During the recent Kurultay session, which took place on 1-3 October 1999, we
adopted nine different documents, among which was the resolution “On drafting and approval of the Regulations
on Electing the Deputies of the 4th Kurultay of the Crimean Tatar People”. In conformity with this resolution,
a Temporary Working Group was established to draft the aforesaid Regulations, and it was decided that a special
Kurultay session would be convened one year later. Thus, the main objective of this session is the adoption
of this document. The Regulations have been drafted and presented for your consideration.<...>
We published 1000 copies of all the documents and materials of the previous
Kurultay session as a book and distributed them among the Kurultay deputies and media representatives.
In my report I would like to give brief information on the extent to which
the decisions of the previous Kurultay session have been fulfilled or are being fulfilled.<...>
On the decision of the Kurultay session regarding presidential elections
As you know, at our previous session, after many discussions we adopted a
decision with overall majority to urge our compatriots to vote for the candidate from the People’s Rukh
of Ukraine Gennadiy Udovenko in the first round of presidential elections. Adopting this decision, we were
well aware that Gennadiy Udovenko did not have a real chance to be elected the President of Ukraine and that
the second round would surely take place. Nevertheless, we adopted this decision for two reasons. First of all,
we wanted and were obliged to abide by our partnership obligations, and second, we took into consideration that
the People’s Rukh is the most consistent of all democratic forces in Ukraine in its permanent support of our
national rights. The Kurultay authorized the Mejlis of the Crimean Tatar people to adopt the decision with
regard to the second round of elections.<...>
The situation was much simplified in the second round of elections. There was
no more need to propagate in favour of this or that candidate because it is difficult to find a person among
sober-minded Crimean Tatars, who would vote for the presidential candidate from the party, which had deported
us and was trying to destroy us physically. The only task was to ensure the highest level of our compatriots’
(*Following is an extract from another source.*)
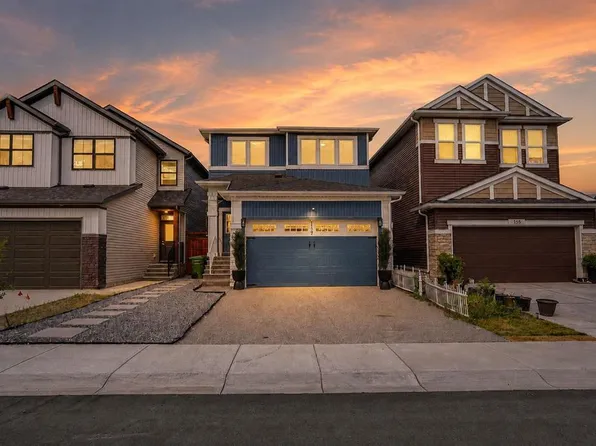 159 E Hotchkiss Mnr SE, Calgary, AB T3S 0J5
participation. We printed around 70 thousand appeals in the Crimean Tatar and Russian languages in support of
the incumbent President which were distributed to all Crimean Tatars, and Crimean Tatar participation in the
second round of voting in Crimea was very high.
Issue of Crimean Tatar representation in the Parliament of the Autonomy
As you know, in order to ensure adequate Crimean Tatar representation in the
Verkhovna Rada of Crimea and the local councils, it is necessary to make amendments in the ARC Constitution
and the Law on Elections to the ARC Verkhovna Rada which were adopted in 1998 and approved last spring by the
Parliament of Ukraine with the help of adventurous maneuvers by its ex-Speaker O. Tkachenko. The second way
is the adoption of the special law by the Verkhovna Rada of Ukraine, which would protect the rights of the
Crimean Tatar people. We did not succeed in achieving any of these. Adopting the Constitution of the Autonomy,
which discriminates against the Crimean Tatars, the Deputies of the ARC Verkhovna Rada were obviously well aware
of what they were doing so it would be naive to expect to convince them of the necessity to respect our rights
or to negotiate with them. However, there is another way, which might convince them of the necessity to revise
their Constitution and their law on elections. This might happen if they understand that otherwise they might
lose what they have now. I mean some kind of repetition of the events of autumn 1993 when after large-scale
Crimean Tatar civil actions the Deputies of the Autonomy’s Parliament understood that further development in
this direction might result in imposition of the state of emergency in the peninsula and liquidation of the
Autonomy itself in its present form. This is why they were forced to revise their election law and introduce
the quotas of deportees at least for one term.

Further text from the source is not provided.